Technology and commodities have moved this market lately and we think that it is important to watch over the generals in the sectors to get an idea of where the general market is headed. Apple (AAPL) has been one of the leaders and continues to be so. Investors should pay careful attention to which way this one is moving as it should foreshadow moves that the general market will make. It led the way up earlier this year, then down and once again finds itself leading the charge higher.

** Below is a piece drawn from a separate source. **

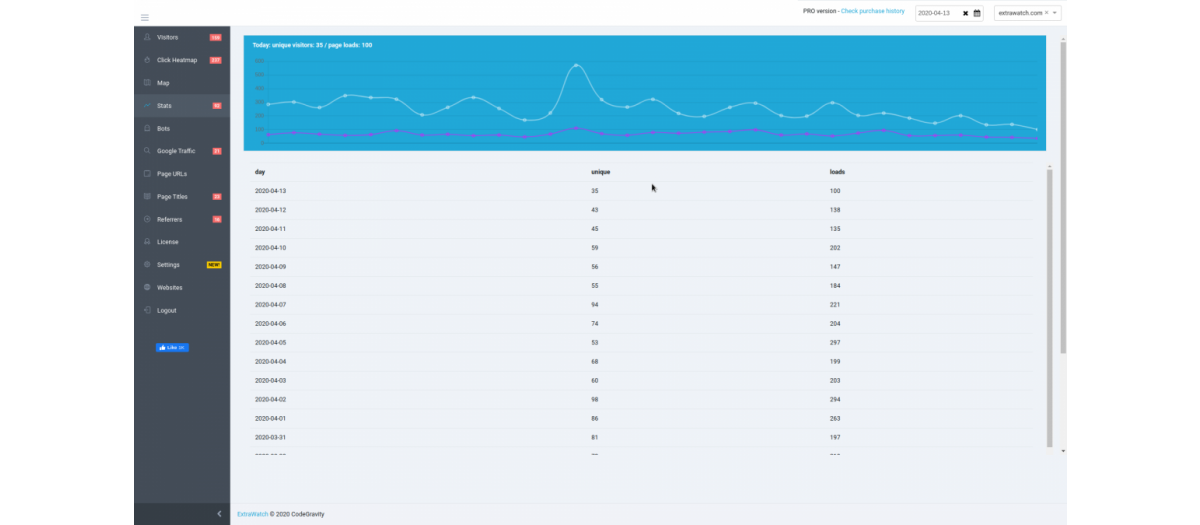 ExtraWatch - Joomla Extension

We have economic news out today, and it is as follows (data set - consensus):
MBA Mortgage Index- N/A
GDP - Second Estimate - 1.6%
GDP Deflator - Second Estimate - 1.6%
Pending Home Sales - 0.0%
Crude Inventories - N/A
Fed's Beige Book - N/A
Looking at Asian markets we see markets are mixed:
All Ordinaries - down 0.13%
Shanghai Composite - down 0.96%
Nikkei 225 - up 0.40%
NZSE 50 - down 0.02%
Seoul Composite - up 0.64%
In Europe markets are lower:
CAC 40 - down 0.54%
DAX - down 0.61%
FTSE 100 - down 0.52%
OSE - down 0.02%
Lexmark (LXK) announced yesterday that they were going to sell some 1,000 patents which deal with their inkjet segment and lay off about 13% of their workforce. The company wants to focus on their imaging and software business since printer sales have fallen along with ink cartridge sales as both the commercial and consumer segments are cutting back on printing as new technology changes old patterns. We have been bearish here, and apparently the company itself is now too, so there is no need to wait around and see if they can pull this transition off, especially after shares finished up $2.61 (13.73%) to close at $21.62/share yesterday - seems a bit rich to us.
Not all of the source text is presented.